Pourquoi ? Parce qu'il s'agit de corporations crispées dans leur défensive sur quelques micro-privilèges peu excusables. L'une des plus nocives dans le genre est la corporation des matheux (mais je crains qu'on en ait à dire de sévères aussi de celle des profs de philo) : ils profitent à fond du fait qu'ils remplacent désormais le latin pour la sélection sociale des élèves selon leur origine. Du coup ils impriment à tout l'enseignement quelque peu scientifique leurs délires corporatifs propres : tous les concepts tombent indéfinis et incréés du ciel abstrait, incarnés sous forme d'axiomes. Ils ne paient aucune de leurs dettes envers les millénaires de technologie dont ils héritent. Ils sont infoutus de préciser les limites de validité des concepts qu'ils enseignent. Alors qu'elles sont drastiques, et que la physique paie encore un prix exorbitant de la non-prise en compte de ces horizons de validité. Mais leur privilège qu'ils défendent jalousement est de ne JAMAIS travailler sur cahier des charges, en fonction des besoins exprimés par des clients. Or il y aurait énormément à travailler en ce sens, les besoins réels ne sont pas satisfaits du tout.

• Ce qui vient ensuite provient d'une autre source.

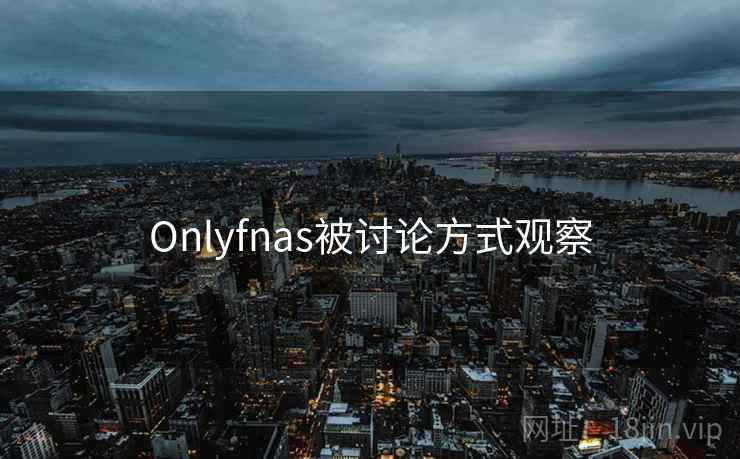 Onlyfnas被讨论方式观察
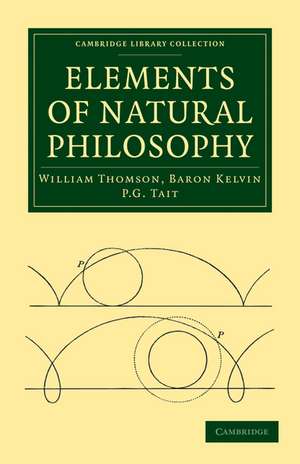 Elements of Natural Philosophy de William Thomson, Baron Kelvin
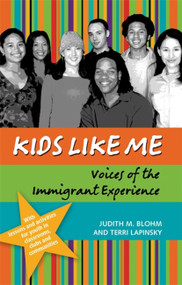 Kids Like Me (Voices of the Immigrant Experience) by Judith M. Blohm, Terri Lapinsky, 9781931930215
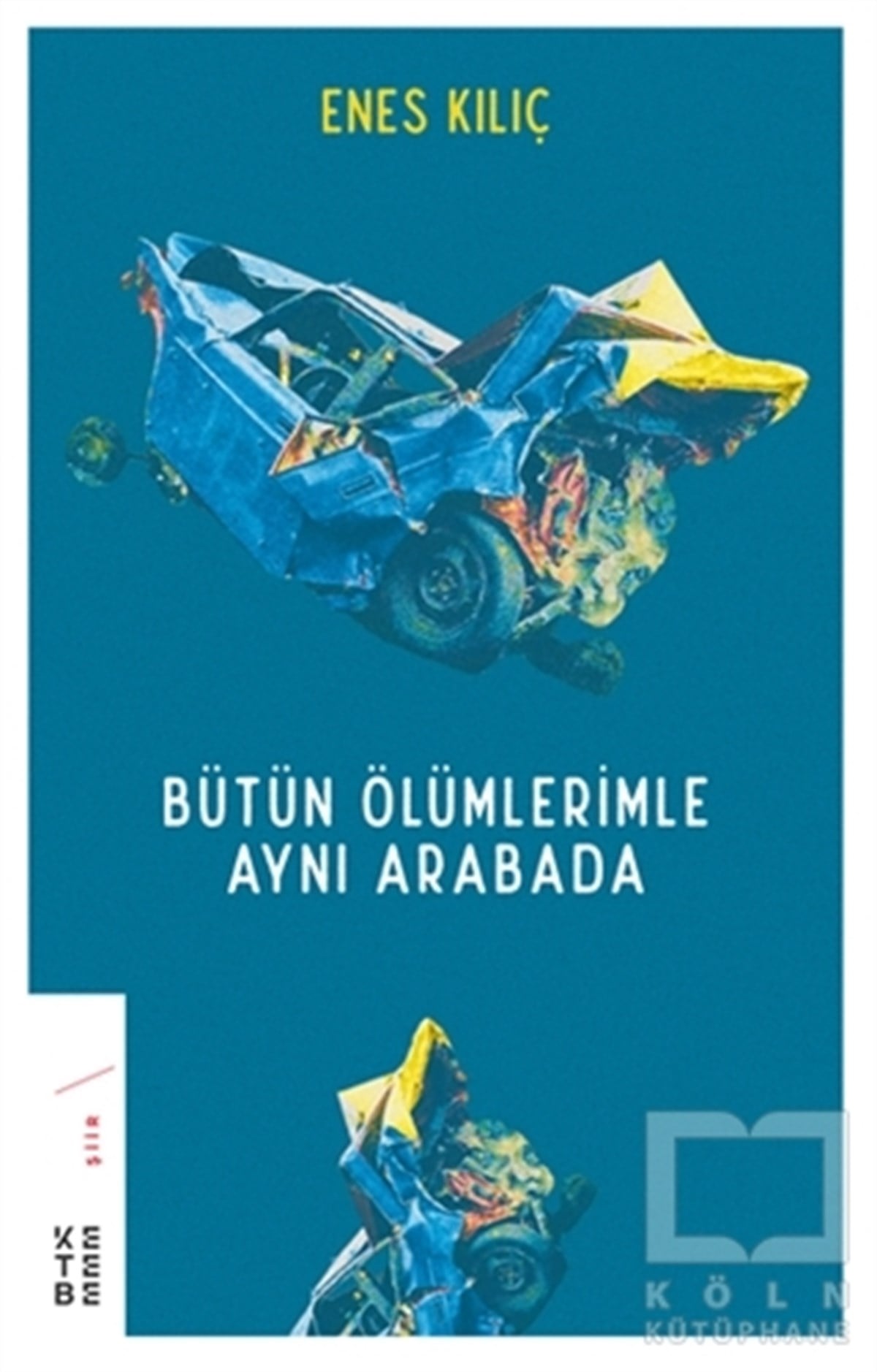 Enes KılıçŞiirBütün Ölümlerimle Aynı Arabada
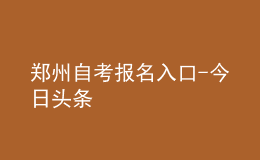 郑州自考报名入口-今日头条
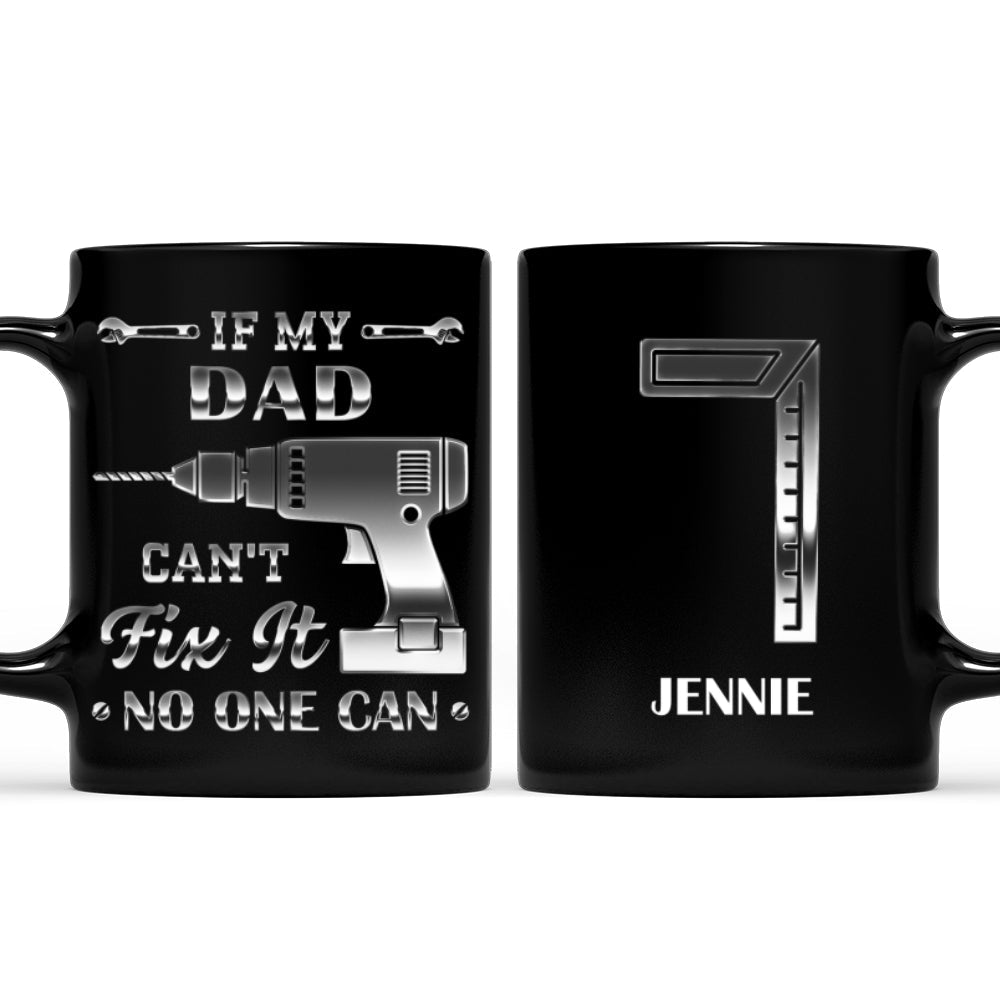 If My Dad Can't Fix It, No One Can - Personalized Custom Coffee Mug
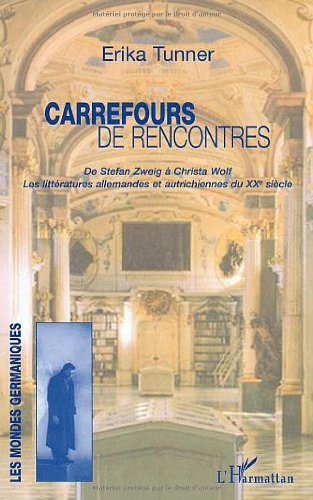 Carrefours de rencontres, de Stefan Zweig à Christa Wolf : les littératures allemandes et autrichien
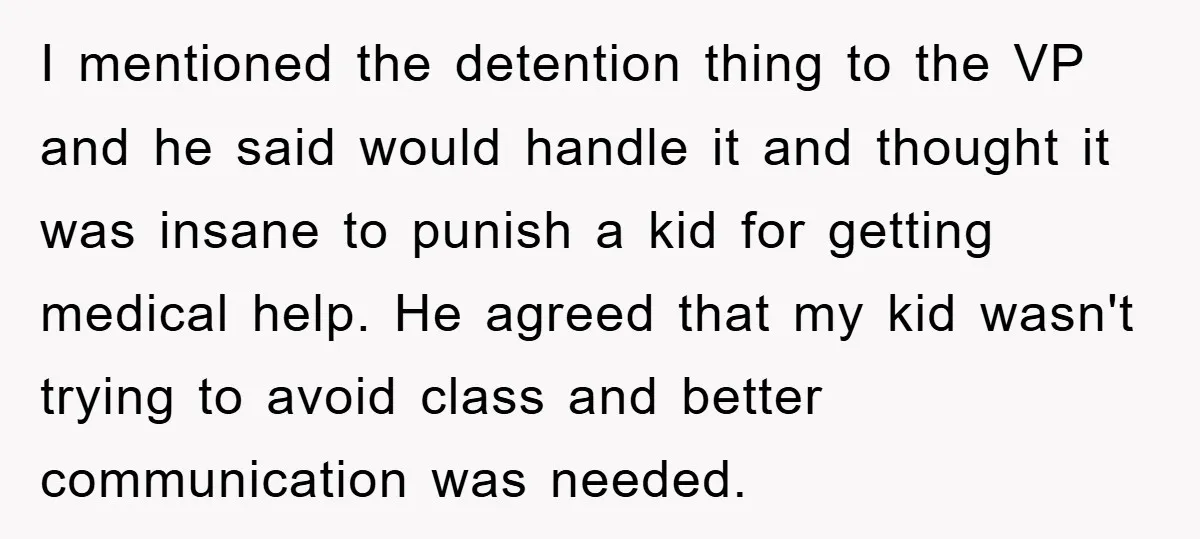 I mentioned the detention thing to the VP and he said would handle it and thought it was insane to punish a kid for getting medical help. He agreed that...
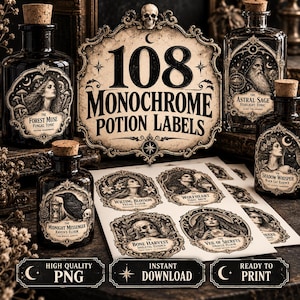 May include: A collection of 108 monochrome potion labels featuring ornate frames, illustrations of figures, skulls, and nature elements. The set includes printed sheets and glass bottles with cork stoppers, labelled with titles like The Forest Muse and The Midnight Messenger.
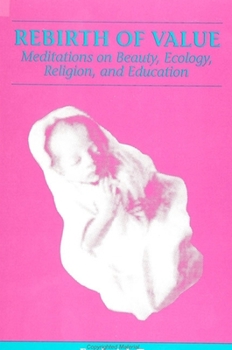 Hardcover Rebirth of Value: Meditations on Beauty, Ecology, Religion, and Education Book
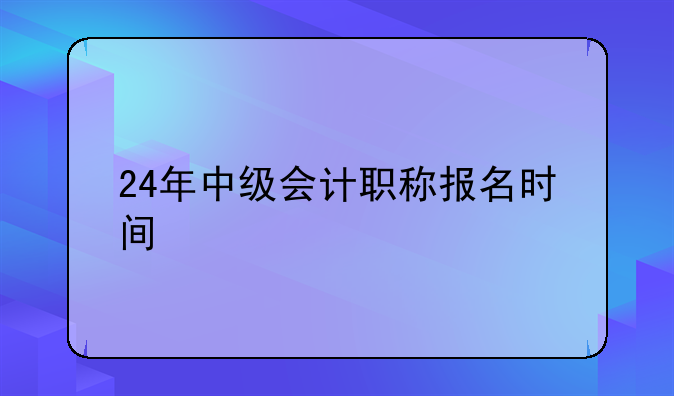 24年中级会计职称报名时间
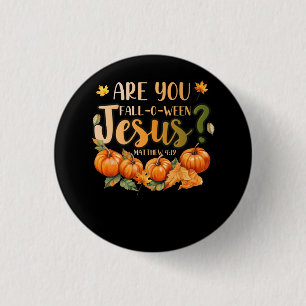Are You Fall-O-Ween Jesus Christian Halloween Part Button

La première fusée Ariane V et son satellite ont été perdus parce que la subroutine de maintien des gyroscopes ne prévoyait pas de conditions contractuelles de validité des entrants. On l'aurait prévu, la subroutine eût été modifiée à temps. Dans l'enseignement tel que nous le pratiquons, aucune contractualisation interprofessionnelle des entrants et des sortants. Juste la crispation sur les délires locaux et les privilèges locaux. François de Closets nous avait expliqué pourquoi : c'était déjà pareil sous l'Ancien Régime, avant la Révolution, la caste des grands privilégiés redistribue de menus privilèges à des supplétifs, afin que ces grades intermédiaires exaspèrent chacun le peuple par leurs privilèges intermédiaires et leurs exactions intermédiaires, et que personne n'ait plus le temps de regarder la corruption au sommet.

Citer>>>
>>> Les élèves ont toujours manifesté une inventivité sans bornes pour
>>> optimiser le rapport résultat/effort de leur travail scolaire. Nul ne
>>> peut les en blâmer.
>>
>> Si, quand il y a fraude non seulement on peut mais on doit.
>
> Le mot /fraude/ introduit une notion morale

La fraude n'est pas qu'une question de morale.

Aucun des machins-bidules techniques qui font à présent notre environnement ne pourrait fonctionner si les ingénieurs et techniciens pratiquaient le culte du mensonge et de la fraude que pratiquent les juristes, beaucoup de commerciaux et les maîtres de la finance : "Oui il y a six mois je vous avais dit qu'il y aurait du -12 V sur la pinuche n° 62, mais ce n'était pas vrai !"

La coopération technique interprofessionnelle ne peut fonctionner qu'entre gens de confiance, qui ne mentent pas, qui corrigent à temps leurs erreurs et imprécisions.

CiterC'est normalement vrai, encore que les techniciens sont soumis à une forte pression commerciale pour cacher les défauts tout en faisant des simagrées.

Pour en revenir au sujet initial, tout élève normalement constitué sait qu'il ne faut pas attribuer le même sens aux mots selon qu'ils sont prononcés par un professeur de sciences ou de lettres (exemple, le mot démontrer dans un commentaire sur Pirandello). Il apprend que la marge de manœuvre pour jouer, plus ou moins honnêtement, avec le sens des mots et des idées dépend beaucoup de la matière enseignée.

Le point sur lequel je voulais insister est que, que ce soit une fraude ou non, le copier-coller n'est pas nouveau. Avec un bon moteur de recherche sa détection est devenue plus facile. Elle n'est que le sous-produit naturel d'un procédé de contrôle défectueux. Si tous les produits d'un système ont le même défaut, il est bien possible que le défaut résulte du système lui-même.

Si le but caché du système, mais but principal néanmoins, est de reproduire les inégalités sociales héritées, alors il se pourrait que son système de contrôle réponde à cet objectif. Qui est contradictoire avec les objectifs de la méritocratie, qu'on soupçonne de ne servir que de façade présentable.